Melanchthon has been fighting a battle over at CentreRight against any right-to-die laws.  His posts have produced strong responses but there was more agreement with his latest argument that society should do all it could to discourage people from ever wanting to exercise a right-to-die.  In an imperfect analogy with stopping suicide he wrote:

"If you saw a girl running towards a cliff edge whom you believed intended to throw herself over, you would feel both a moral and a civic duty to attempt to prevent her.  You might call out.  If you were large and strong enough you might rugby tackle and subdue her (provided that such physical intervention did not place you at material danger of being dragged over the cliff with her).  This civic duty is considered as justifying state intervention.  If you were a doctor you might sedate her.  If you were a mental health nurse you might place her in restraints. We do not consider that such a girl has a human right to die, which we violate with rugby tackles, our drugs and our restraints.  On the contrary, we believe that we have a duty to prevent her death if we can."

My own view is that we need to do everything we can to communicate to very vulnerable people that we want them to live and want to care for them.  The hospice movement and advances in palliative care mean that dying is far from the horrible process that many people fear.  I was encouraged by the finding that 80% of Conservative members support more investment in palliative medicine.

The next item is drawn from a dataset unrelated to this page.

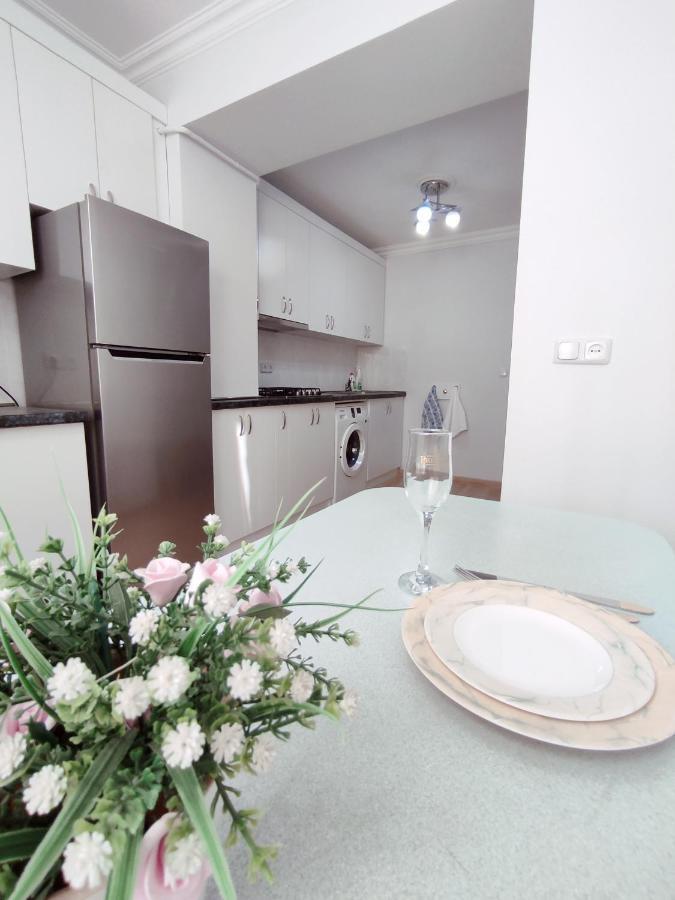 Renovated 1 Bedroom With King Size Bed In Kentron يريفان المظهر الخارجي الصورة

But one quotation from Dutch cardiologist Richard Fenigsen captures it all for me:

"The fundamental question about euthanasia: Whether it is a libertarian movement for human freedom and the right of choice, or an aggressive drive to exterminate the weak, the old, and the different, this question can now be answered. It is both."

I think it impossible for a society to have a legal right-to-die without it also being abused by relatives and the state.  The current state of law is messy and, in many ways, painful but people are not being thrown into jail for ending the life of a loved one. There is still a sense that ending vulnerable life is a dangerous and suspicious thing to do.  That has to stay true.  I'd rather live and die in that society than in a society where the state assumes an authority to oversee the death of the sick, the old and the disabled.  I hate to think where that will take us. 

Tim Montgomerie

> In a November 2007 ConHome survey of Tory candidates we found that 41% (28 candidates) were supportive of legislation that would "make it easier for sick or disabled people to exercise a 'right-to-die'".  44% (30 candidates) opposed such legislation.